Last week at the Certified Crop Advisor Annual Conference Allan McCallum, who is a highly respected consultant from Elgin County, was telling me how he is becoming more and more like a grumpy old farmer. As he put it, he keeps trying all the latest and greatest concepts to improve profitability in corn and soybean production on his own farms and with clients. At the end of the day, what does he learn? That most of the latest and greatest concepts do not work as advertised and he would be further ahead to not pay attention any more to the latest and greatest.
What makes this observation relevant is this is the time of year when we are bombarded with the latest and greatest ideas from conferences and meetings.
As an example, Twitter was buzzing last week at the Soysmart conference about manipulating soybeans to put out more pods per plant and more seeds per pod. Treat the crop with a systems approach and watch the bushels flow.
I don't like to burst the bubble, but Horst Bohner our provincial soybean specialist has been doing this for several years now. He has conclusively demonstrated the number one method to increasing soybean yields. Allan and I have both tried it and we agree with Horst. The number one ingredient to higher soybean yields is to plant full season soybean varieties early. Period. Having the ability to irrigate soybeans in August would work even better, but that is not an option for many Ontario producers. Anything else is a distant second. We know conclusively that soybeans do not respond consistently to row width, population, tillage, emergence, fungicide or foliar feeding. Spending lots of money on inputs to improve soybean yields does not work. That makes for a very brief system.
I have a customer that can grow 80 bu per acre soybeans. He has done it consistently and could go on the circuit and become the "Maharishi of Soybeans". His ethics stop him because he also knows he can't grow 80 bu just because he is smart. The production recipe is tied to the deed on the farm and the recipe is a complete failure when exported off that same farm. The truth hurts.
What is a frustrated soybean producer to do? Focus in the basics of soil structure, organic matter retention, crop rotation, base fertility, inoculants, seed treatments and variety selection. Boring as heck, but infinitely more profitable.
One other hot topic making the rounds is variable rate corn planters GPS referenced to change seed drop on the go. A cheap version of variable rate is already on the market. New monitors allow you to program two population settings and the operator has to remember to switch populations manually as the planter moves across the field.
Several questions still need to be answered.
What is the right population for the hybrid in the planter?
What is the right population for that hybrid on the soil type in that spot on the field?
What are the yield limiting factors for that spot in the field?
What actually is the yield potential for that spot in the field?
Most seed companies do their best to give guidance to population response by hybrid which begins to answer the first question. But that answer will be heavily influenced by the answers to the remaining questions which are only educated guesses for most producers and agronomists.

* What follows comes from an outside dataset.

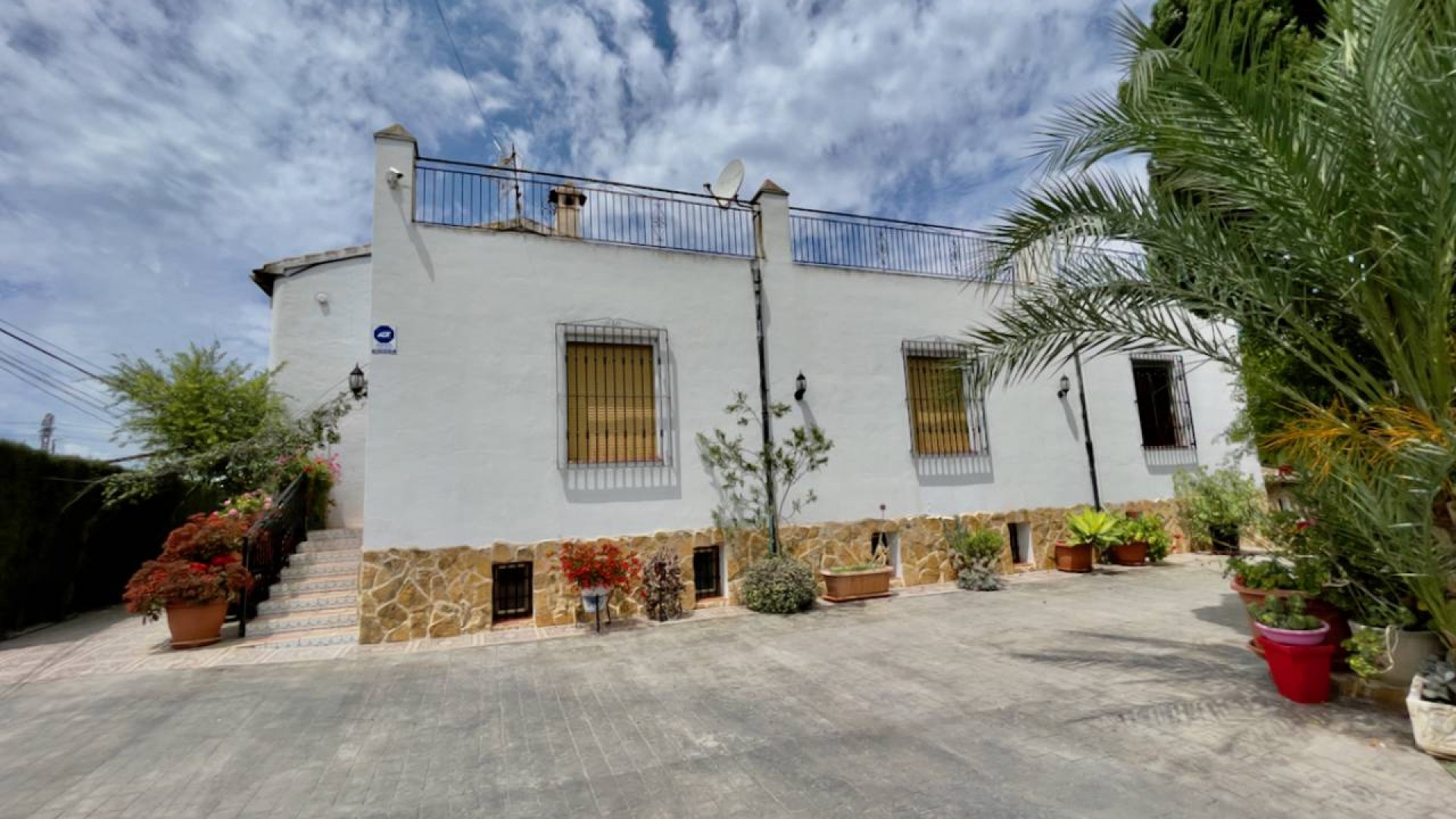 Sale - Finca Country Property -
Orihuela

Bob Neilson at Purdue has looked at this on field scale population trials in Indiana. The results of this are no surprise to me. When we take population recommendations by hybrid to the field and subject them to statistical analysis, the recommendations are not very reliable. The take home message is do not get caught in the hype that machinery and seed companies have this all figured out. Once again that makes for a boring presentation and not many "tweets".
You can read the results of the Purdue study at
http://www.agry.purdue.edu/ext/corn/news/timeless/SeedingRateGuidelines.html
Coming back to Allan I know he will continue to experiment. Just don't try selling him any more latest and greatest.
Thanks for your Post Russ. It is refreshing to read! But you are right. It is boring doing the same thing over and over. Looking backwards change is always evident, but it has taken over 10 years to move corn populations 10% upwards.